'''

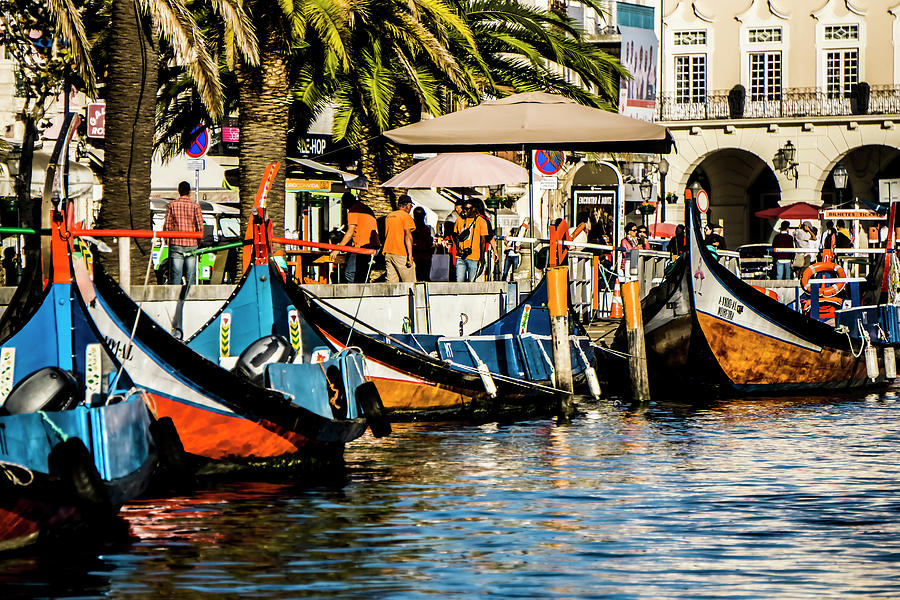 Boats waiting for passengers on  a canal in Portugal Photograph by Sven Brogren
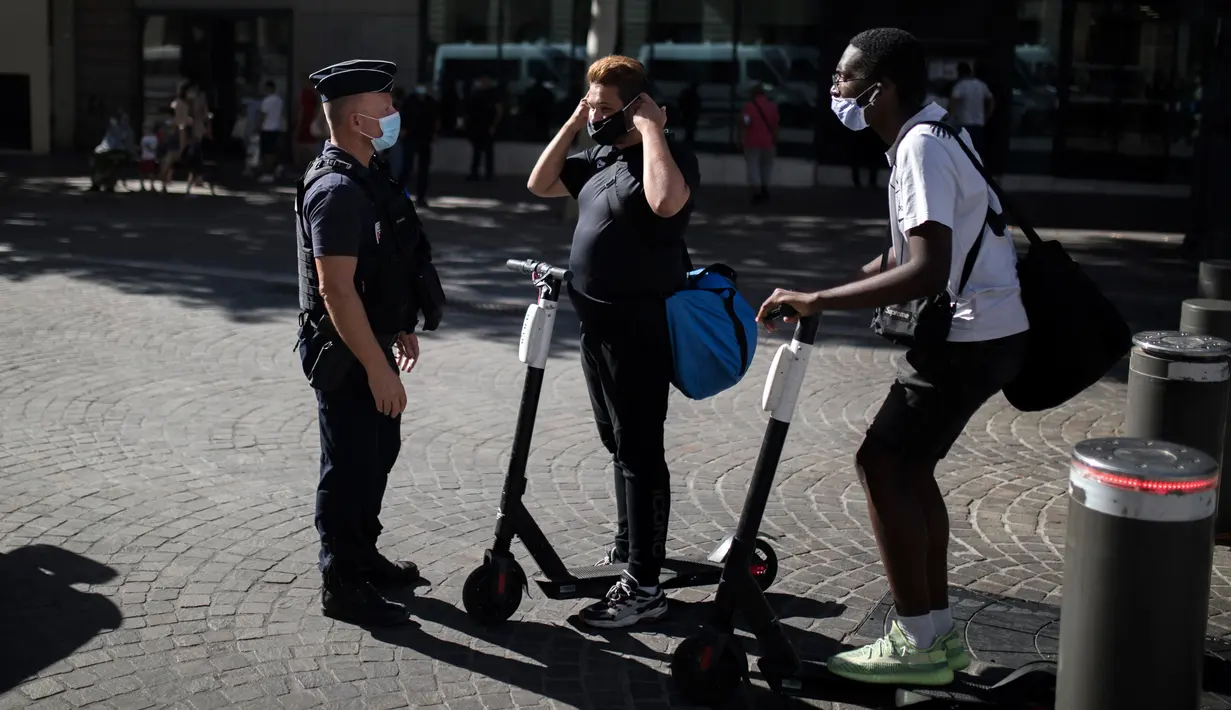 Polisi anti huru-hara memberi informasi tentang kewajiban penggunaan masker kepada warga di Marseille, Selasa (18/8/2020). Pemerintah Prancis mengirim polisi anti huru hara untuk membantu menegakkan peraturan penggunaan masker saat negara itu mencatat lonjakan kasus COVID-19. (AP Photo/Daniel Cole)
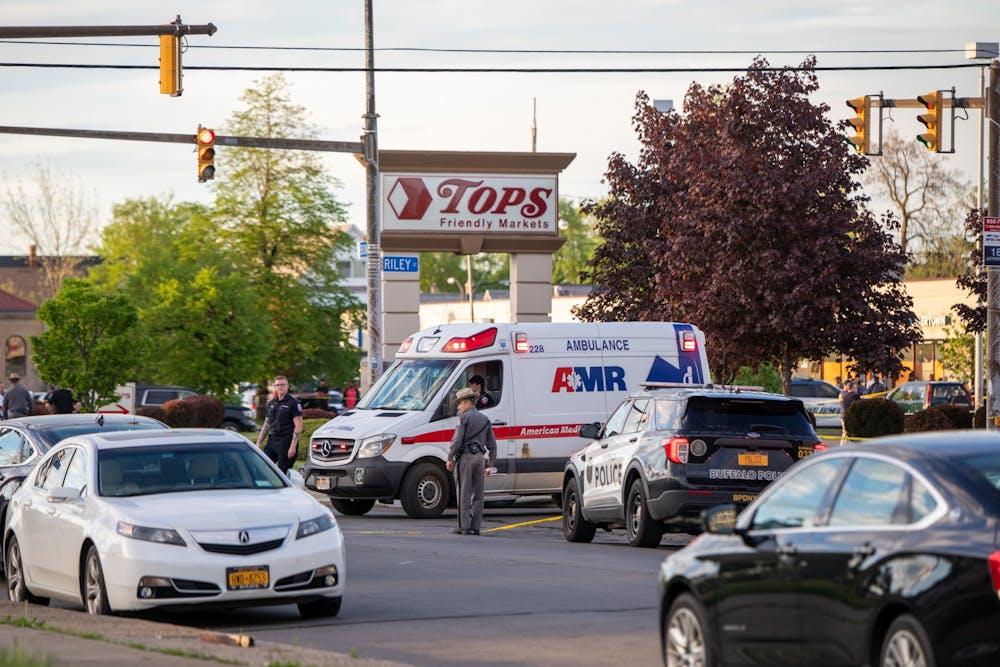 <p>An ambulance stops in front of the parking lot of Tops Friendly Markets at 1275 Jefferson Ave. Saturday afternoon.</p>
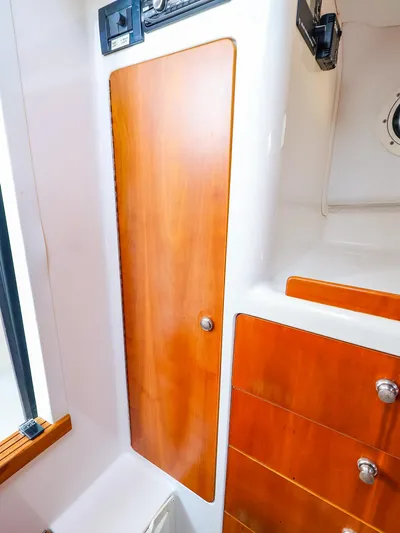  Yacht Photos Pics Wooden cabinet and drawers inside a 2004 True North 38 boat interior.
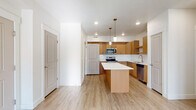 This single-floor residence offers a clean, modern aesthetic defined by light wood-look flooring, white walls, and an open layout that promotes a sense of airiness throughout. The kitchen serves as the heart of the home, showcasing warm wood cabinetry, a classic subway tile backsplash, and a suite of stainless steel appliances including a range, microwave, and dishwasher. A central island with a crisp white countertop provides additional prep space and casual seating, while two pendant lights hang above, adding a stylish finishing touch. Recessed lighting and an open sightline to the rest of the living area enhance the kitchen's bright, welcoming atmosphere. The living area is generously proportioned, bathed in natural light from a large window and a glass-paneled exterior door, with a ceiling fan overhead for added comfort. The bedroom is a calm, well-lit space with access to a full bathroom featuring a soaking tub and shower combination. A spacious walk-in closet with dual hanging rods and built-in shelving offers ample storage. A dedicated laundry room accommodates a full-size washer and dryer, complemented by overhead shelving. The entire unit presents a fresh, move-in ready condition throughout.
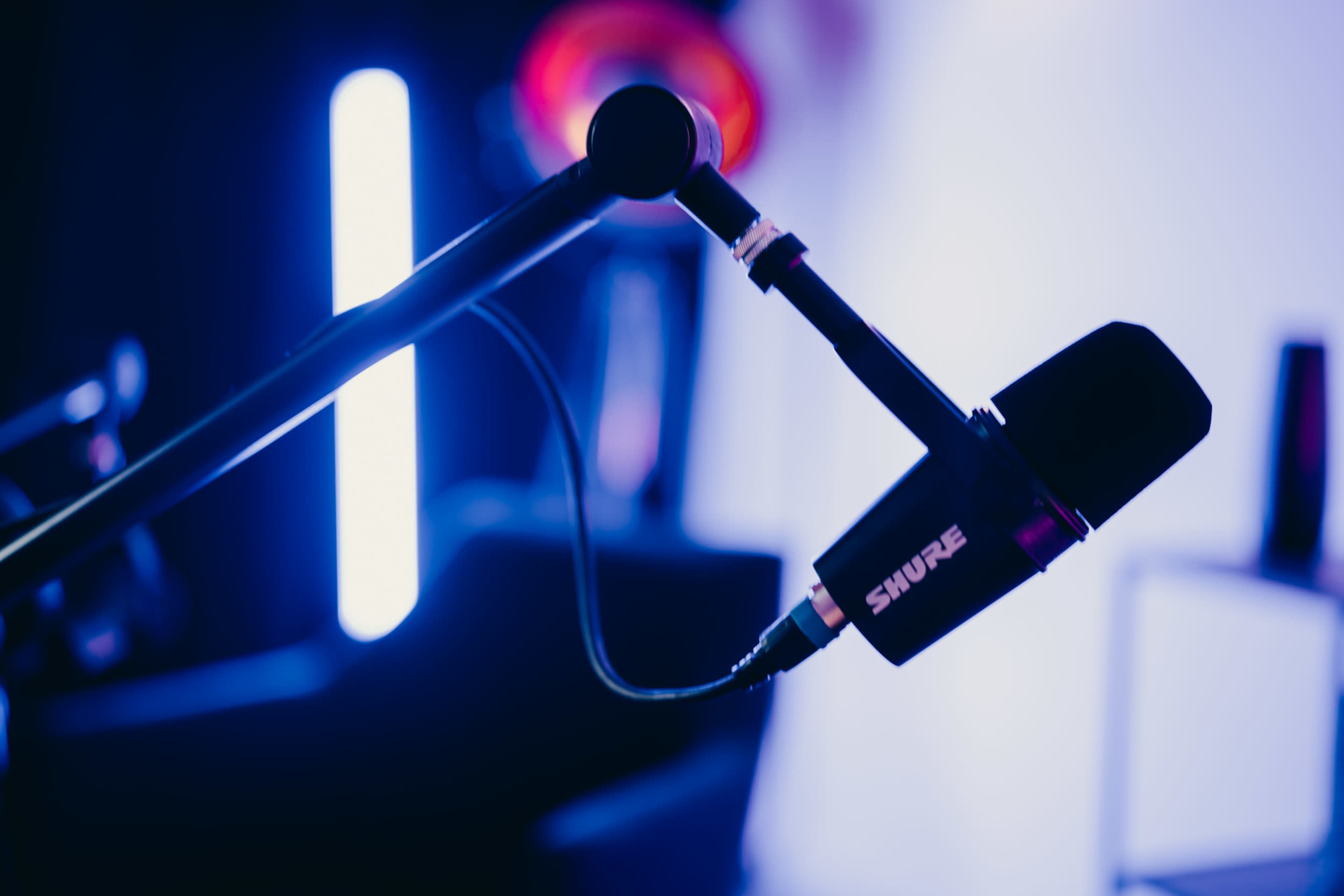 A Shure microphone is mounted on a microphone stand with colorful lighting in the background.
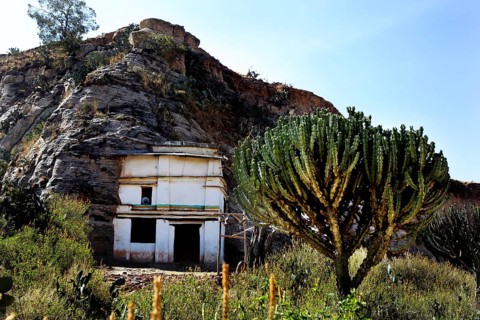 Entrance to Debre Mariam Krokor rock church in front of a steep rock face in natural surroundings,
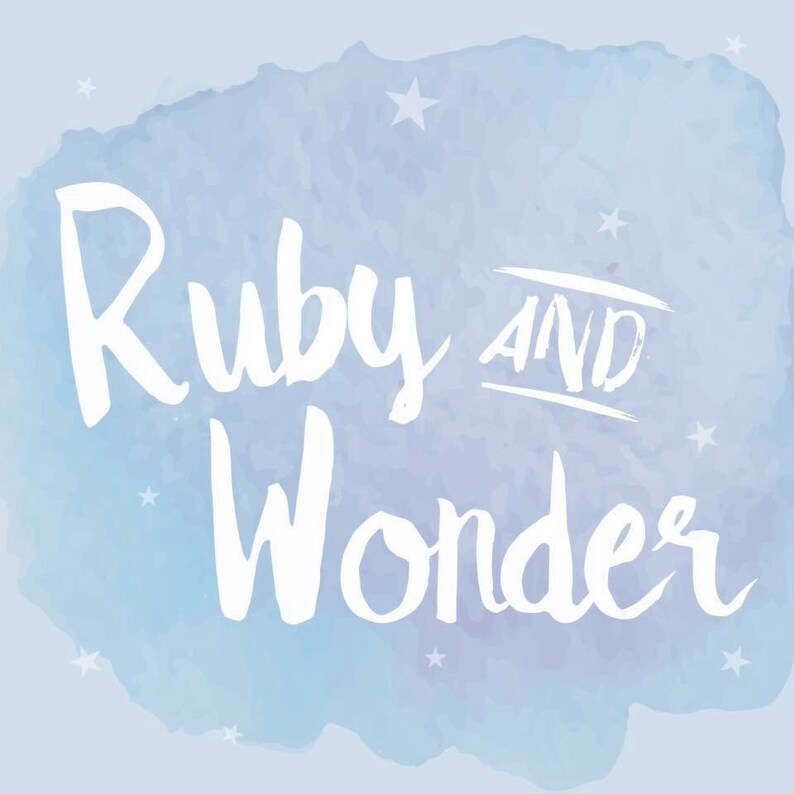 May include: A light blue watercolour background with white script text reading "Ruby AND Wonder". The design includes small white stars. The words are in a handwritten style.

'''

→ Exercise directions:
The needed output is the lines from the one with "Entrance to Debre" through the end of the listing, written out exactly, both ends included, pictures excluded.

→ Result of the exercise:
 Entrance to Debre Mariam Krokor rock church in front of a steep rock face in natural surroundings,
 May include: A light blue watercolour background with white script text reading "Ruby AND Wonder". The design includes small white stars. The words are in a handwritten style.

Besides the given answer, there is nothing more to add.